### [RECORDS PROVIDED]
+===+
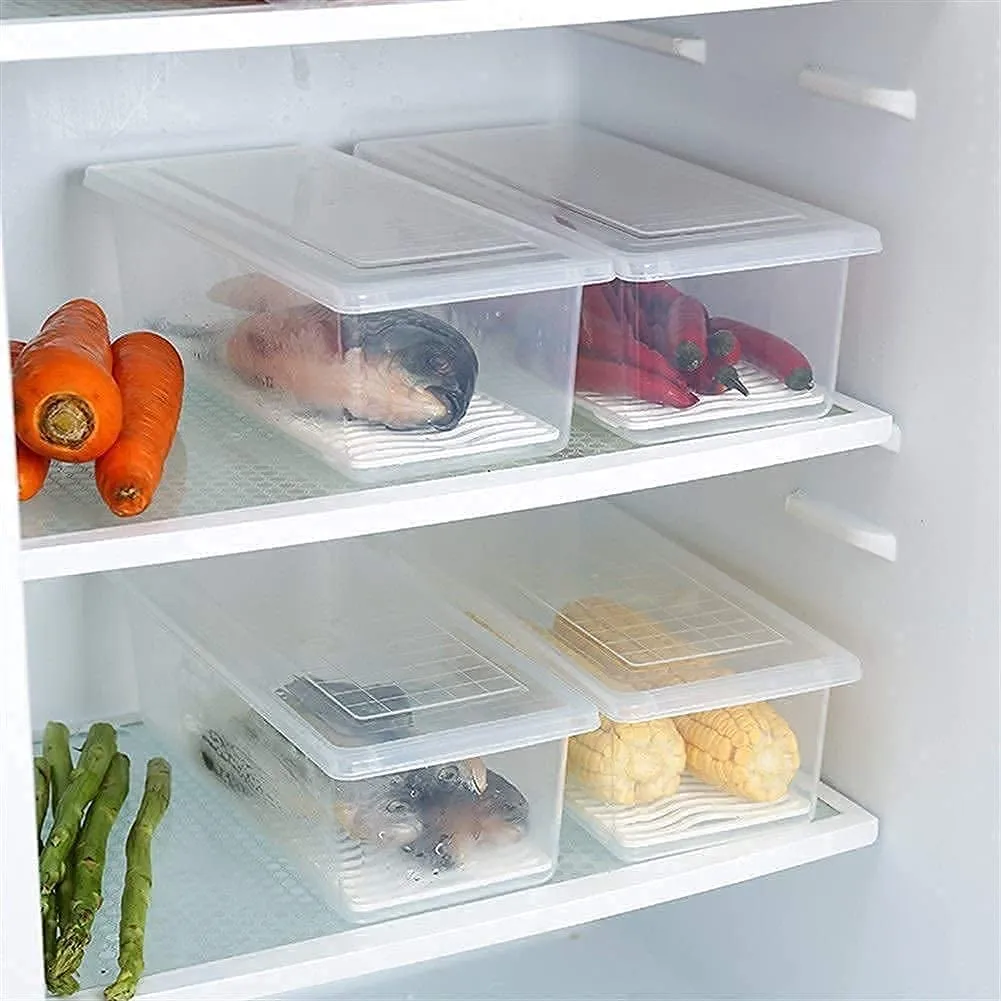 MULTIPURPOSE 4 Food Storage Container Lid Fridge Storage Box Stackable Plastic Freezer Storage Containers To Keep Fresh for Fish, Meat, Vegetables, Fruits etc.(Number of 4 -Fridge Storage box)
+===+
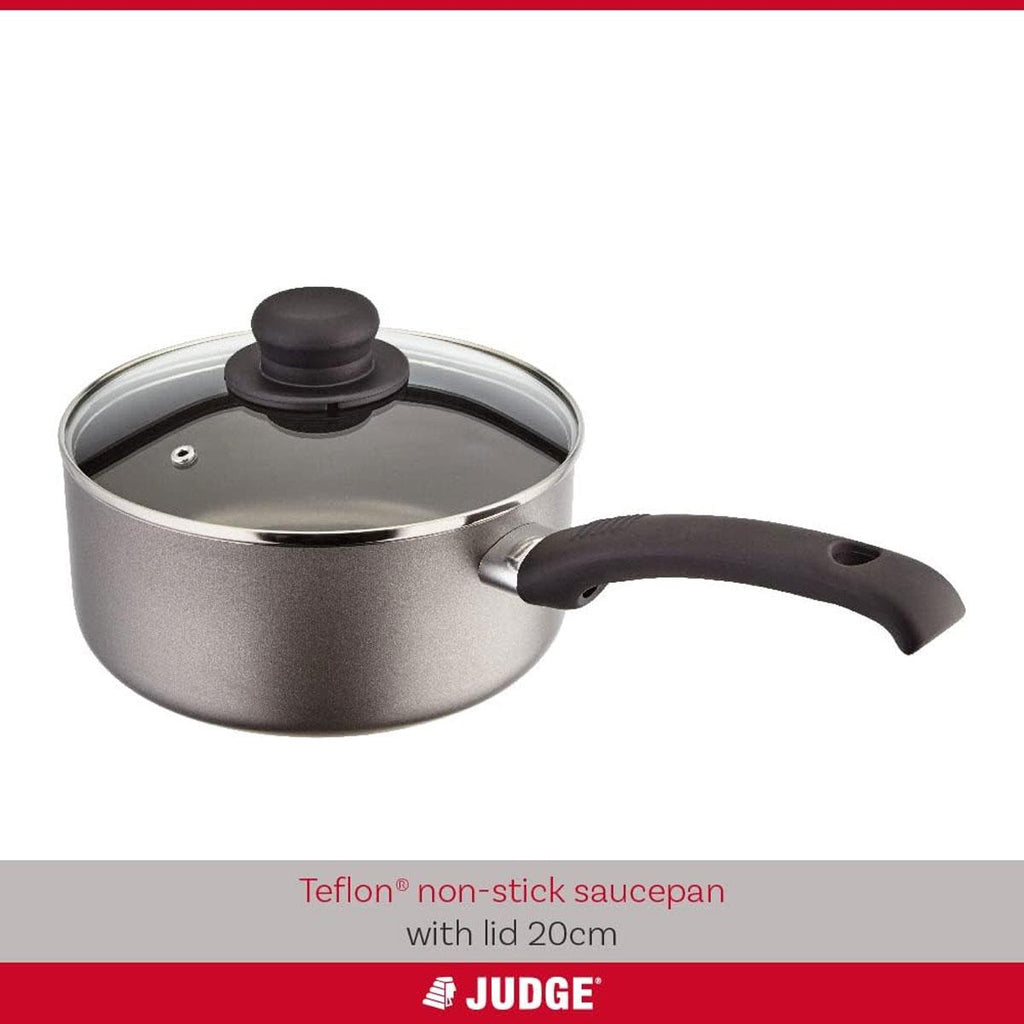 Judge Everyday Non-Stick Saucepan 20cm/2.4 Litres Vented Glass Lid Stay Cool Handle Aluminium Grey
+===+
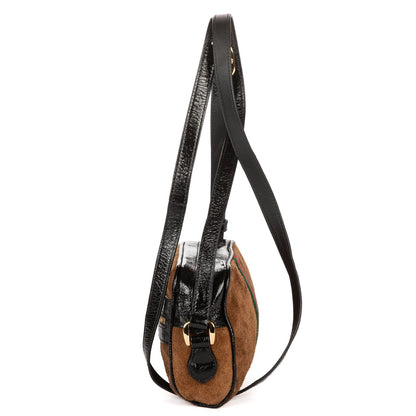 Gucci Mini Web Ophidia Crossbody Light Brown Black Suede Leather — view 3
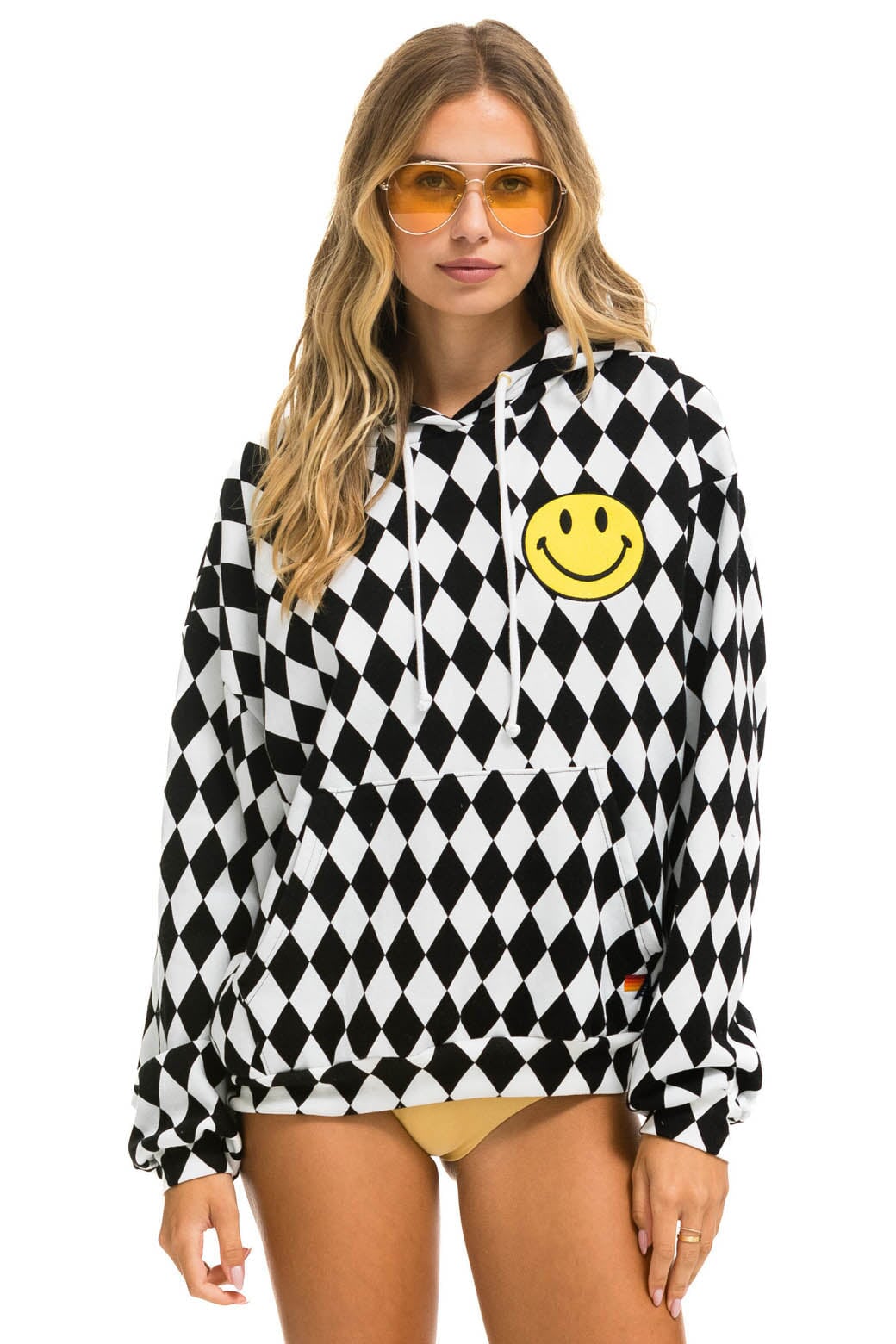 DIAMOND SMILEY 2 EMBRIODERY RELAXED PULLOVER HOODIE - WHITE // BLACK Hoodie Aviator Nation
+===+
### [WORK REQUIRED]
For the data above, set down exactly the lines from the line with "Gucci Mini Web" to the line with "DIAMOND SMILEY 2", both included, leaving pictures out.

### [ANSWER SPACE]
 Gucci Mini Web Ophidia Crossbody Light Brown Black Suede Leather — view 3
 DIAMOND SMILEY 2 EMBRIODERY RELAXED PULLOVER HOODIE - WHITE // BLACK Hoodie Aviator Nation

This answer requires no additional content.